(Minghui.org) Two recent episodes made me aware of some deeply rooted attachments related to self-validation. I realized that I had to cultivate them away since they created gaps among practitioners and affected our group cultivation environment.
Practitioner A once gave me a calling card with a 9-yuan balance. Our original plan was to send out multimedia messages to expose the persecution.
Practitioner B told me, “Multimedia messages won't go out anymore, so don't waste money on those.”
“The ones I sent worked,” I said.
“How do you know?” B asked.
“Well, the cost for sending them was deducted from my balance,” I replied. “And I received feedback from some of the recipients.”
“I think you should still follow up with a call to make sure people are getting these,” she insisted.

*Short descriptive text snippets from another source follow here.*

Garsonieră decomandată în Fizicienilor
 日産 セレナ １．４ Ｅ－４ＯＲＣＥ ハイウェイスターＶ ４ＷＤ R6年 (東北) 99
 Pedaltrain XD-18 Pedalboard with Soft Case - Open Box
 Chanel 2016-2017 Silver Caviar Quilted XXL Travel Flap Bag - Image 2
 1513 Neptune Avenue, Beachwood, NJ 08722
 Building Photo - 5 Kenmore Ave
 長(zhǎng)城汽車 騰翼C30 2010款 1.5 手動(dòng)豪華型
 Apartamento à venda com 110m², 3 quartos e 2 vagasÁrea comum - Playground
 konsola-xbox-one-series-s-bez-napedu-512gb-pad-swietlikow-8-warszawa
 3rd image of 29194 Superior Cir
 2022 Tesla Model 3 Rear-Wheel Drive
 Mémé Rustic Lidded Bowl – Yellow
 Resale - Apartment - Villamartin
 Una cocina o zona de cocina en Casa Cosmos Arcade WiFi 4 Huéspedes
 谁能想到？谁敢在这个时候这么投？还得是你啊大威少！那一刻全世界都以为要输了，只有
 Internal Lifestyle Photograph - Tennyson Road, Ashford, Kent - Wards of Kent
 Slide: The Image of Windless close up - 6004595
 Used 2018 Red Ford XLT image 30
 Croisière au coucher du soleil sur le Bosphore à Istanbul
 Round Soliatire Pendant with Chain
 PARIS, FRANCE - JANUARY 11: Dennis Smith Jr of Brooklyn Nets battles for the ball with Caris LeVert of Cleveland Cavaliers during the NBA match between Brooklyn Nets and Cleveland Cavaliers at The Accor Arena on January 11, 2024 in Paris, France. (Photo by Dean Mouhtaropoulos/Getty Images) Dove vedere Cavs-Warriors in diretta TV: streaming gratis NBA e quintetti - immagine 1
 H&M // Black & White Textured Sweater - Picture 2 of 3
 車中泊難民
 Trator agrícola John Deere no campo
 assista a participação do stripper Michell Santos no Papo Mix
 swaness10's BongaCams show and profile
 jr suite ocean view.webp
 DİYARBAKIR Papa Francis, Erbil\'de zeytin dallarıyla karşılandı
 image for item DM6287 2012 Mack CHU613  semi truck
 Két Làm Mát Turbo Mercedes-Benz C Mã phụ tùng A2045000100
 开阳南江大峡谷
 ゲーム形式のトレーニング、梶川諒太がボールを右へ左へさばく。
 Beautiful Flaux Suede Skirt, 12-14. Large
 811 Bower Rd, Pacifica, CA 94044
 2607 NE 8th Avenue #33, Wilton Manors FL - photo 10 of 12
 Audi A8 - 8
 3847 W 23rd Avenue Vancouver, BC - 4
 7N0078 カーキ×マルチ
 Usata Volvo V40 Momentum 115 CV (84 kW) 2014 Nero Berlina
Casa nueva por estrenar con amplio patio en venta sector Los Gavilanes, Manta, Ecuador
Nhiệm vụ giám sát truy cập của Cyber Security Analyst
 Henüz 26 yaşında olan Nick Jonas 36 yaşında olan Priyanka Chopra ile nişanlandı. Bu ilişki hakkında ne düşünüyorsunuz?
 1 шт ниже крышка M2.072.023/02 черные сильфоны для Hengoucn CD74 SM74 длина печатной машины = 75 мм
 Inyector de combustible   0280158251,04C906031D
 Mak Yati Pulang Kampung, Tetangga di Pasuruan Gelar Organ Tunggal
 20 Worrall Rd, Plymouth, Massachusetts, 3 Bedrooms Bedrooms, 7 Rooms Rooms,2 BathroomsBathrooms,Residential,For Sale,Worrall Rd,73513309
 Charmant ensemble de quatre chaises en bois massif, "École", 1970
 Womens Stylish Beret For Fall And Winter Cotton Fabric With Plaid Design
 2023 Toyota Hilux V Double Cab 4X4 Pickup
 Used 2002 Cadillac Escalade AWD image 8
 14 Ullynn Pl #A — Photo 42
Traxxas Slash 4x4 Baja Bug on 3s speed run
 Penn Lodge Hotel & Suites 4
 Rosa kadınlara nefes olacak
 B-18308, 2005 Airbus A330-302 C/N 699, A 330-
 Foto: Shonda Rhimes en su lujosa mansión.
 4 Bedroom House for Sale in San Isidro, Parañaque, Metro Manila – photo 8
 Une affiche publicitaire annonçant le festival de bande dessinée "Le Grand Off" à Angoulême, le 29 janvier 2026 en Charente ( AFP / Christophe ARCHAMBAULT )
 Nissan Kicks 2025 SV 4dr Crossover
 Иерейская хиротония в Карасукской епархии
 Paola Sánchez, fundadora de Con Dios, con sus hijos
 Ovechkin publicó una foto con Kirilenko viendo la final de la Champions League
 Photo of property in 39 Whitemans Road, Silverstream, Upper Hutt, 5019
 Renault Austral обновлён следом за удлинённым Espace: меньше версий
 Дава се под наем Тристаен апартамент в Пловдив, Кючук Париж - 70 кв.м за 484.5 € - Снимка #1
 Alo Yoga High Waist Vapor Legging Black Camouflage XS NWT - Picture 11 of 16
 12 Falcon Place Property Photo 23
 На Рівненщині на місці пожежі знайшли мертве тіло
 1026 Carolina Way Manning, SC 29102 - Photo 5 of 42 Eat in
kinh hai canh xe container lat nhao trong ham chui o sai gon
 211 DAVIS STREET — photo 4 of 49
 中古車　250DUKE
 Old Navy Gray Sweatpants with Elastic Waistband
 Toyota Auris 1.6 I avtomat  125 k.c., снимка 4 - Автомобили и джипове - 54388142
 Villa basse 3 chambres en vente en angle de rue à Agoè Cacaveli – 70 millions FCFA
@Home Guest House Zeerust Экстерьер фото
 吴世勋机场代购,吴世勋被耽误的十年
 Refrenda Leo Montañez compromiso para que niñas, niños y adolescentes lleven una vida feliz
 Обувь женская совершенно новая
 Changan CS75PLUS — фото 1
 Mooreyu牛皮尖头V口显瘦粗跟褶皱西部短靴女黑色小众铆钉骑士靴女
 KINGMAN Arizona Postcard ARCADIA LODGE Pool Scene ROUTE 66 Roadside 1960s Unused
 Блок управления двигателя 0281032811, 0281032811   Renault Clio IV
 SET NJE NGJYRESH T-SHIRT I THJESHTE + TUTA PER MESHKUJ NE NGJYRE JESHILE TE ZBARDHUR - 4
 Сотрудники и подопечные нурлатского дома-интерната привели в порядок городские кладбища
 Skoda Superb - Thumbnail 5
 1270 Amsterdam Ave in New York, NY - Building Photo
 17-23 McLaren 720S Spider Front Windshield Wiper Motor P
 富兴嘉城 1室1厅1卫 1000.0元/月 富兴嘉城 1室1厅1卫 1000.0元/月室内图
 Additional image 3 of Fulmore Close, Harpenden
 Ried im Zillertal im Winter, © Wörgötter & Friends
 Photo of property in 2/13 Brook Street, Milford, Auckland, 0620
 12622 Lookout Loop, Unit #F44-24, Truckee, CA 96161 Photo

I thought to myself that B was just too attached to her own views. I thought that maybe because she could not send out her own messages, she felt that no one else could, either. I didn't even think to look for my own attachments of combativeness, showing off, and self-validation.
Later, B and I got together again. “Please give me a phone number to try,” I said. I sent out a multimedia message, and then she called to ask whether the person had received it. He confirmed that he had.
When B ended the call, I realized that she was trying to be responsible for sentient beings and cherishing our resources. In contrast, my attachment to self-validation was quite evident.
The Fa-study group in my area faced a dilemma about lunch. I once suggested to a coordinator that, to save time, we should just have a simple lunch of buns and water.
But the practitioner who often hosted us usually made a big pot of rice and several dishes. We felt ill at ease. If we did not eat what she had prepared, it was a waste of her efforts. At the same time, we did not want this to become an expectation and a burden for her or anyone else. This eventually led to the host feeling a lot of pressure, and eventually nobody wanted to host group Fa-studies anymore.
I realized later that my self-validation brought harm to the group. What we ate for lunch was not a big deal. The problem was that I insisted on my own views. I thought that my ideas were “correct” and used them to cover up my attachment to self-validation.
The old forces took advantage of my loopholes, and they caused conflicts in an attempt to destroy our group cultivation environment. I sincerely apologized to this fellow practitioner once I noticed my problem. “I did not do well,” I told her. “I spoke in a condescending tone, and I stressed you out.”